Os King cometiam erros, naturalmente, mas não falavam deles e não partilhavam os seus sentimentos com ninguém. Esse casamento fora um erro e ele solucionara-o sem dizer uma palavra.
– Não o vejam como um casamento, vejam-no antes como um acordo de negócios.
– Uma maneira muito estranha de fazer negócios – insistiu Lucas.
– Estranha ou não, vamos conseguir o que queremos – disse Sean. Construir aquele hotel com o primo Rico seria muito importante para a construtora King.
– O Walter terá a escritura preparada antes do casamento.
– E quando te pensas casar?
– No fim de semana – respondeu Sean, após engolir em seco. Mas tinha aceitado fazê-lo e não pensava desistir.
– No fim de semana? – repetiu Lucas. – Diz-nos quando e lá estaremos – disse Rafe.
– Não – Sean abanou a cabeça e, de imediato, fez um gesto de dor.
– Não como?
– Pois claro que iremos, idiota – acusou Rafe. – Não te vamos deixar sozinho.
– Não é um casamento a sério. É um acordo conveniente para os dois, mais nada.
– De todas as formas, o mais lógico é que estejamos a teu lado. Sabes que os King apoiam-se sempre uns aos outros.
Era verdade, mas apoiassem-se ou não, Sean não queria que estivessem presentes no dia do casamento. Não fazia sentido. Além do mais, não lhe apetecia ter de ouvir os seus irmãos e as cunhadas a darem-lhe um sermão.
– Será mais fácil para mim se não estiverem cá.
– O Stanford não espera que a tua família vá ao casamento?
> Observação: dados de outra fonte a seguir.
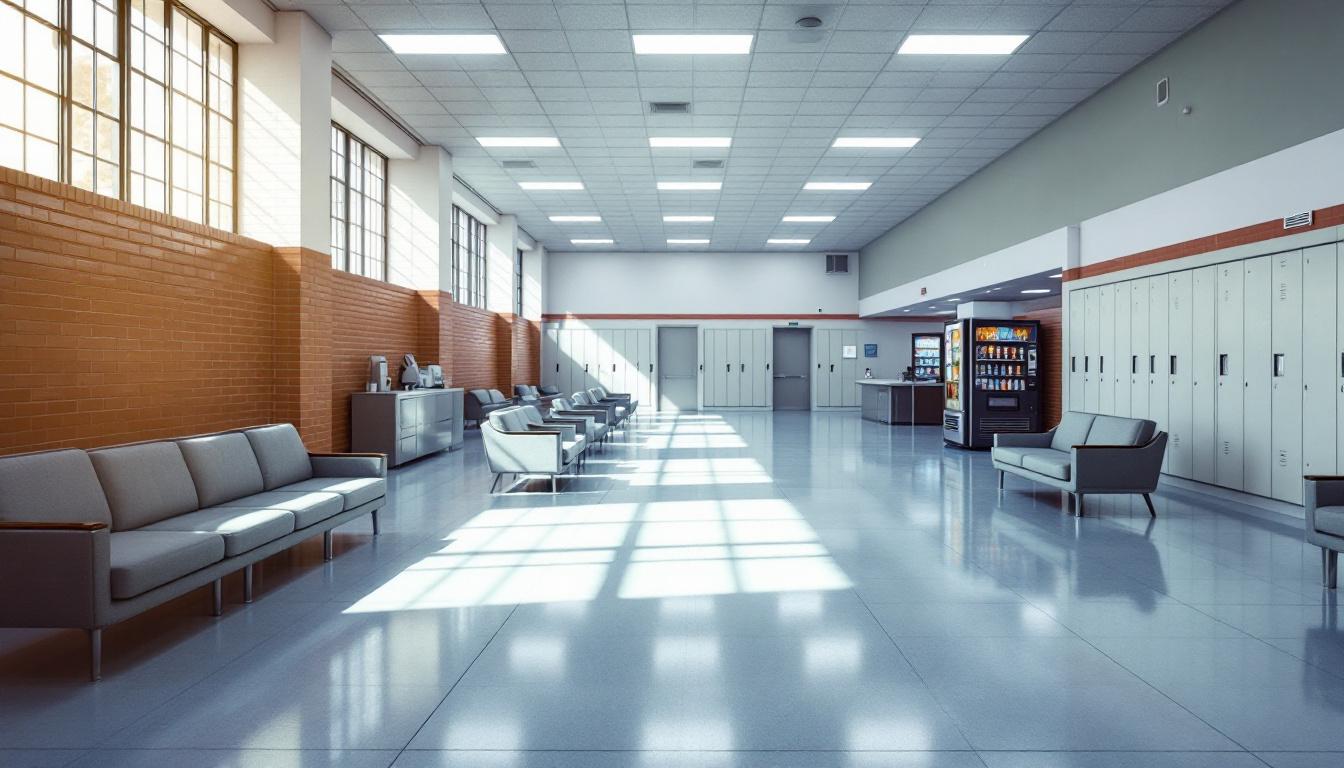 Visitation facilities and waiting area at Dixon Correctional Center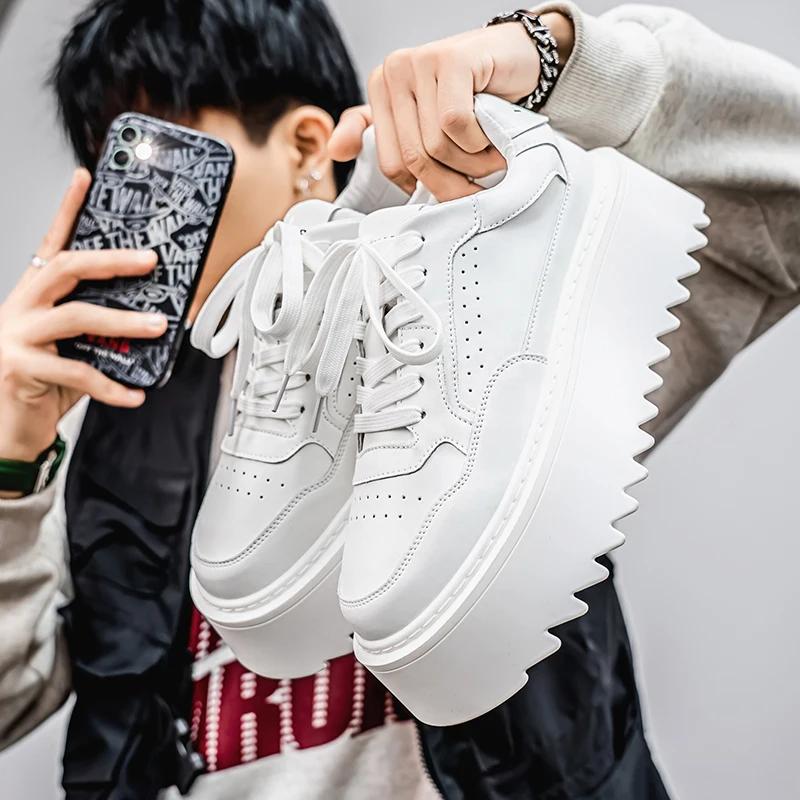 Męskie Sneakersy Gruba Podeszwa Antypoślizgowe Sportowe i Rekreacyjne Modne Męskie Buty Casual Mokasyny Odporne na Zużycie Uniwersalne Okrągły Nosek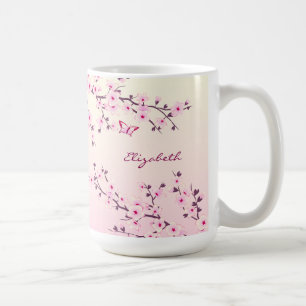 Blommigt Cherry Blommar Monogram Rosa Girly Kaffemugg
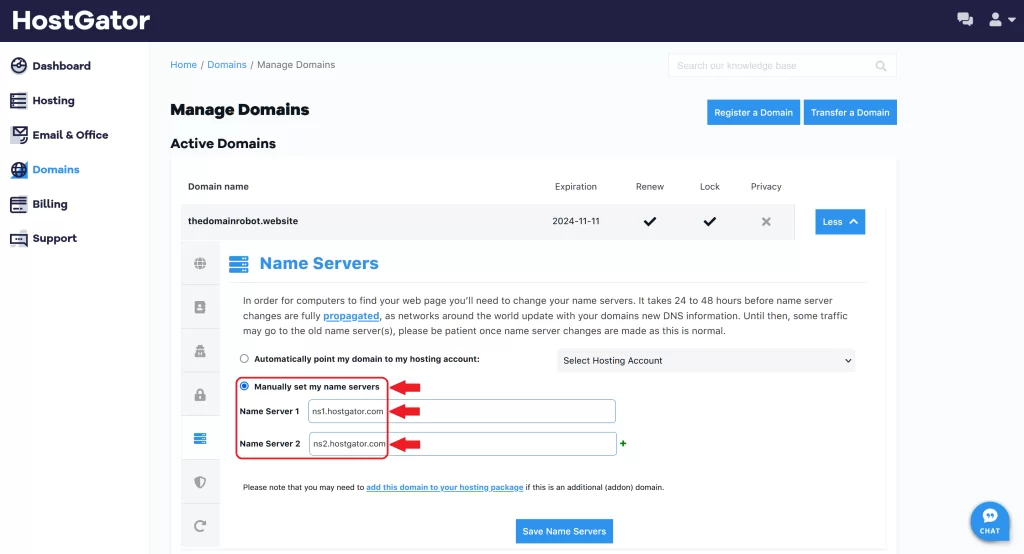 Step 6 - Delete current nameservers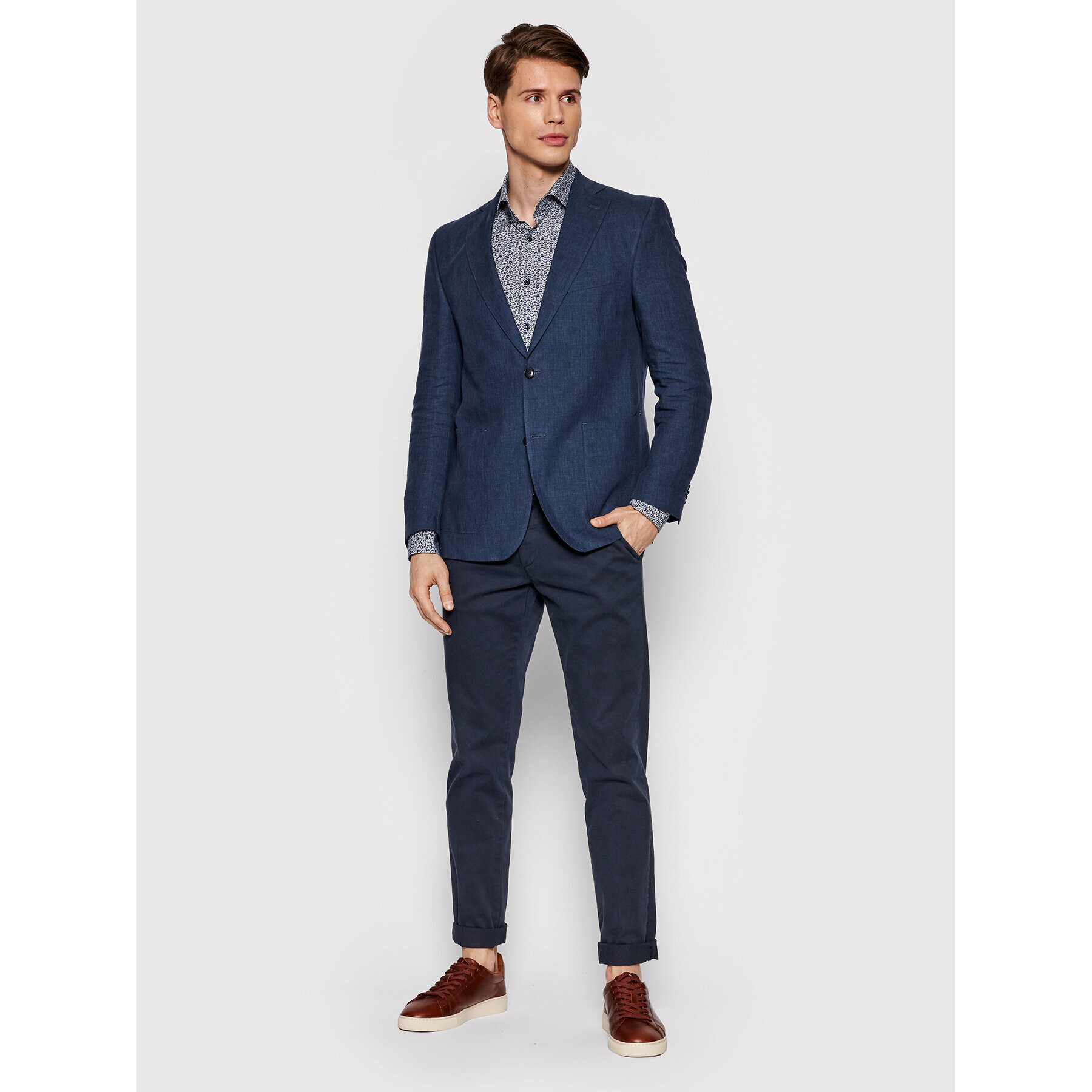 JOOP! Srajca 30017084 Mornarsko modra Slim Fit - Pepit.si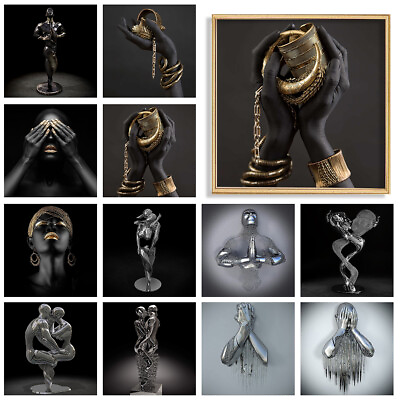 #ad 3D Metal Statue Man Art Prints Abstract Copper Modern Poster Wall Hanging Decor $6.09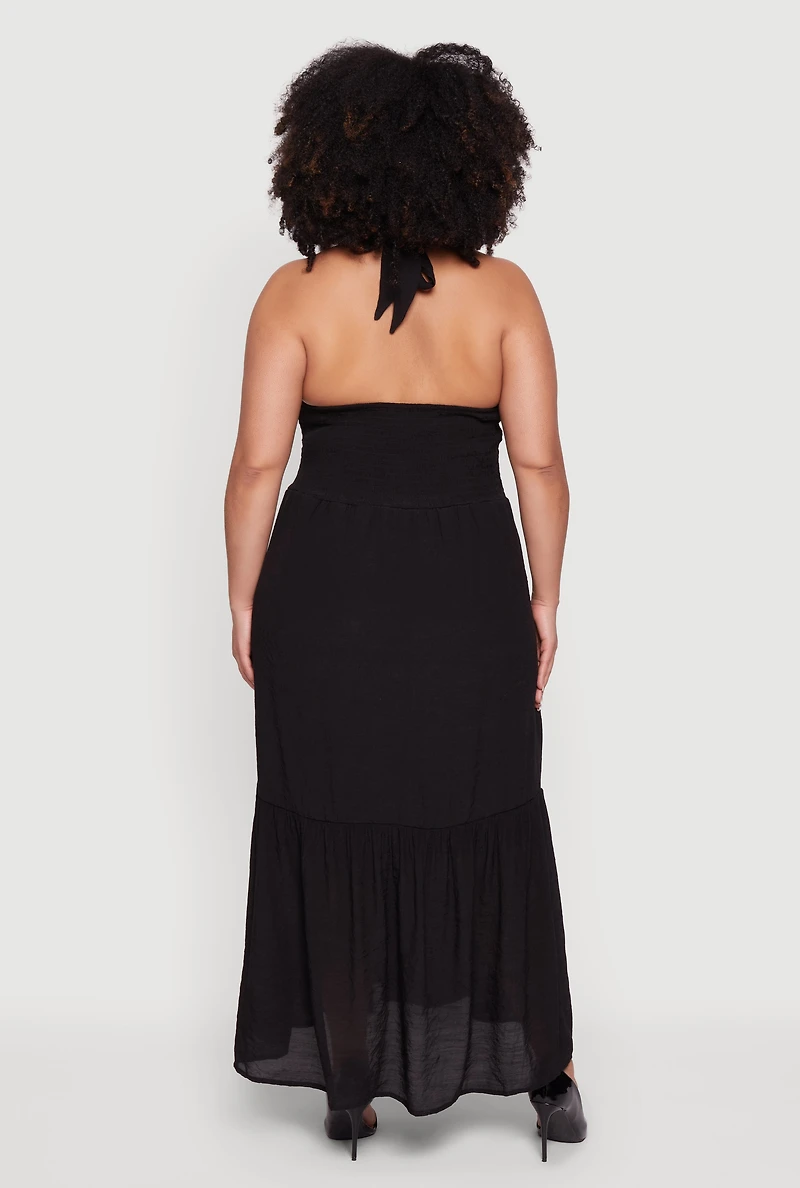 Plus Halter Neck Sleeveless Tiered Maxi Dress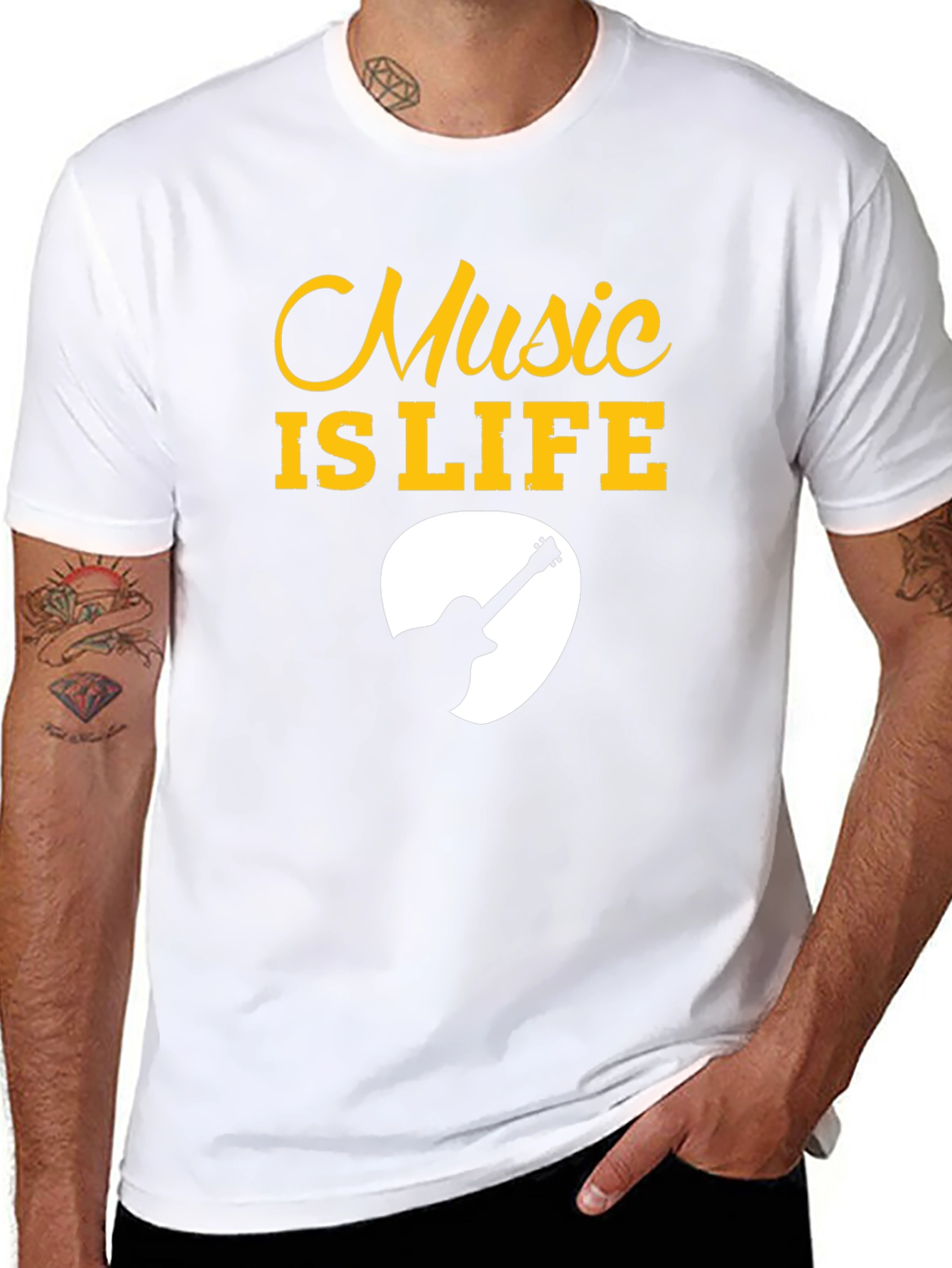 Music is Life Guitar Pick Graphic Tee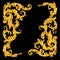 Rich gold vector baroque curly ornamental corners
Demónios. Sean não tinha pensado nisso.
– Provavelmente – admitiu. – Mas dir-lhe-ei que foi tudo tão rápido que não podem vir.
– Sim, de certeza que ela vai adorar ouvir isso – comentou Rafe, irónico. – Eu trato do Stanford, vocês liguem ao Rico para lhe dar a boa notícia. Enquanto isso, eu dedico-me a falar com a construtora da ilha para ver o que têm cá e o que é que nós devemos trazer.
– Tenho um barco à espera no porto. Podemos carregar a equipa e começar a trabalhar daqui a uma semana – disse Rafe.
– Ótimo – assentiu Sean. – Com o bom tempo que há cá, não vamos ter problema nenhum. Poderemos trabalhar até no inverno sem perder um só dia.
– O Rico quer construir uma casa na ilha, por sinal. Parece que decidiu converter Tesouro na sua residência.
– Um momento… eu negociei o lote para o hotel. O Rico terá de negociar com o Stanford se quiser construir uma casa.
– Ah, pois claro, a ti o que é que te resta para vender, a alma? – troçou Lucas.
– Muito engraçado.
– O Rico já tem o lote para a sua casa. O Walter vendeu-lho – disse Rafe.
– Era de esperar – murmurou Sean.
– De certeza que queres fazer isto? – perguntou-lhe Rafe então.
– Porque não?
– Sempre foste o mais casmurro de todos – disse Lucas.
– Sim, é verdade. Até fazes com que o pai pareça um homem razoável – troçou Rafe.
– Não é preciso insultar – acusou Lucas.
– Quem é que está a insultar?
Sean sorriu para si mesmo enquanto via os irmãos a discutirem, como de costume. Estavam na Califórnia, mas poderiam estar em Marte, de tão longe que se sentia. Mas era melhor assim.
Não havia nenhuma razão para que conhecessem Melinda ou para celebrarem um casamento que tinha data de validade.
Tinha feito um acordo e cumpri-lo-ia, mas não queria que tivesse público.